The Christian nation heresy

Time was that most Canadians attended a church where Christian values were taught and claimed to govern their lives by those teachings. In such circumstances governments found it expedient to pay lip service at least to Christian principles and to legislate accordingly.

Times have changed. A survey several years ago found that 16% of Canadians attend church each week and only 5% of us read the Bible daily. 55% have never in their life opened a Bible and read a few words in it.

The few of us who still read, believe and endeavour to live by the Bible are left in disarray by this shifting of the ground beneath our feet. It’s all the fault of the government, we say. This was once a Christian country, but it doesn’t feel like it anymore.

We are avoiding reality when we say such things. The government did not create the situation we find ourselves in and has no ability to remedy it. Political activism is a snare for the Christian, a means of diverting us into fruitless activity while the world around us pursues its downward course.
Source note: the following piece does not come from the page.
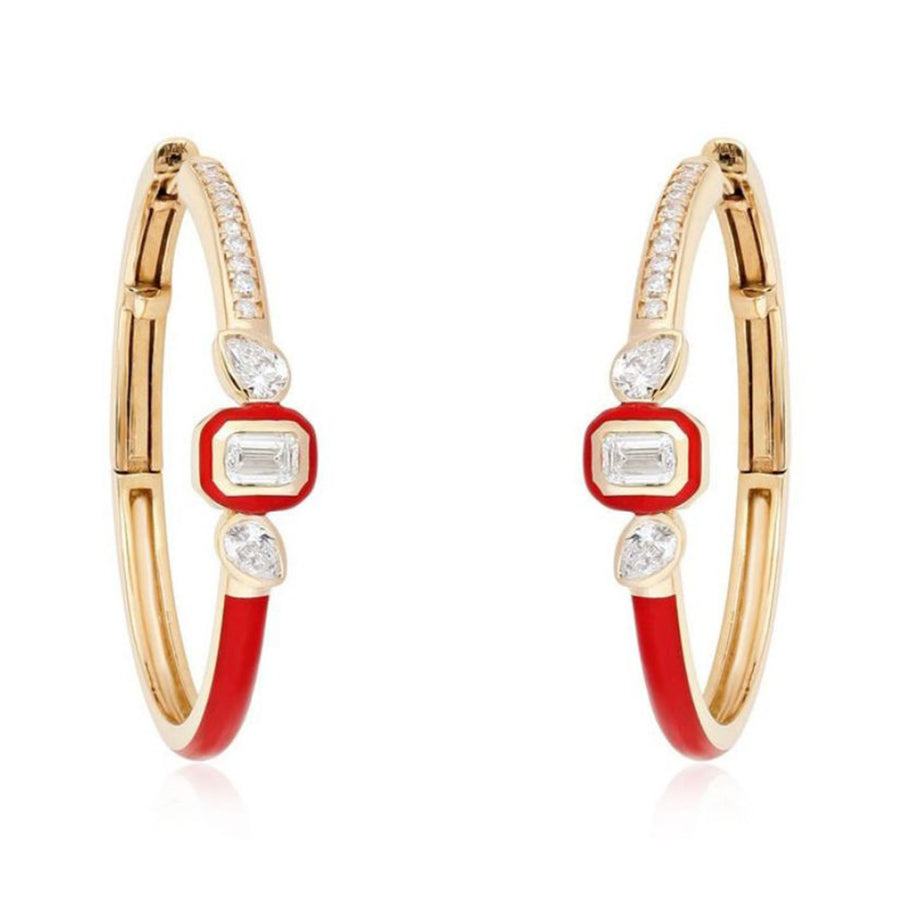 Red Enamel Diamond Hoop Earrings in 14K Yellow Gold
Another danger for Christians is to draw apart from the troubles of the world and concentrate on being ready for our Lord’s return. But this is just the self-centred attitude that has allowed the society we live in to drift into its present situation.

For as Christians we have a responsibility to our fellow citizens. Jesus said we are the salt of the earth. He was talking of salt as a preservative, the only means available in those times to prevent food from spoiling. What good is salt if it is deposited in little piles that have no contact with what it is supposed to preserve?

He also said we are the light of the world and warned us not to hide our light under a bushel. If we cannot talk about our Christian faith in terms that are readily understood by others, isn’t that hiding our light under a bushel? Worse still is to think we don’t have to say anything, people will observe us and be drawn to enquire about our faith. Really? When we don’t even know how to articulate that faith?

When the people of God were taken captives to Babylon, the Holy Spirit inspired Jeremiah to tell them to “seek the peace of the city whither I have caused you to be carried away captives, and pray unto the LORD for it: for in the peace thereof shall ye have peace.”

Paul told Timothy: “I exhort therefore, that, first of all, supplications, prayers, intercessions, and giving of thanks, be made for all men; for kings, and for all that are in authority; that we may lead a quiet and peaceable life in all godliness and honesty. For this is good and acceptable in the sight of God our Saviour; who will have all men to be saved, and to come unto the knowledge of the truth.”

Can we say that we love God with all our being and our neighbour as ourselves if we decide the best thing for us to do is live in peace and quietness and let the world go on its merry way to destruction?

That wasn’t the way the early Christians thought, nor the Anabaptist martyrs whom we call our forefathers. There is no such thing as a Christian country. Never has been. There used to be Christian people. Do they still exist today? Do our neighbours know anything about them?